↓↓↓

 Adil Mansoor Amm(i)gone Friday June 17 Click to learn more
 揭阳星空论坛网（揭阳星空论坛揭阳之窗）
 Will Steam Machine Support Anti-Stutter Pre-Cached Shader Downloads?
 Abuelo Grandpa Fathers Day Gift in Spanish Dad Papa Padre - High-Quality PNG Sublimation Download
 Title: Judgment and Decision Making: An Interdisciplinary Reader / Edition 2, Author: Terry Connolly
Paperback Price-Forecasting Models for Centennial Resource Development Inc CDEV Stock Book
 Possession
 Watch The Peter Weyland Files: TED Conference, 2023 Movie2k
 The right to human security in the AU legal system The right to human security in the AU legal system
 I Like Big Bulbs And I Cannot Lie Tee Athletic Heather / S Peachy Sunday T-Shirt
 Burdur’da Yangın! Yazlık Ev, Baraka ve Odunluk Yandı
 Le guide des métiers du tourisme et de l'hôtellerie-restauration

↑↑↑

__WHAT TO WORK ON__
Reproduce the full listing word for word.

__RESULT OF THE TASK__
 Adil Mansoor Amm(i)gone Friday June 17 Click to learn more
 揭阳星空论坛网（揭阳星空论坛揭阳之窗）
 Will Steam Machine Support Anti-Stutter Pre-Cached Shader Downloads?
 Abuelo Grandpa Fathers Day Gift in Spanish Dad Papa Padre - High-Quality PNG Sublimation Download
 Title: Judgment and Decision Making: An Interdisciplinary Reader / Edition 2, Author: Terry Connolly
Paperback Price-Forecasting Models for Centennial Resource Development Inc CDEV Stock Book
 Possession
 Watch The Peter Weyland Files: TED Conference, 2023 Movie2k
 The right to human security in the AU legal system The right to human security in the AU legal system
 I Like Big Bulbs And I Cannot Lie Tee Athletic Heather / S Peachy Sunday T-Shirt
 Burdur’da Yangın! Yazlık Ev, Baraka ve Odunluk Yandı
 Le guide des métiers du tourisme et de l'hôtellerie-restauration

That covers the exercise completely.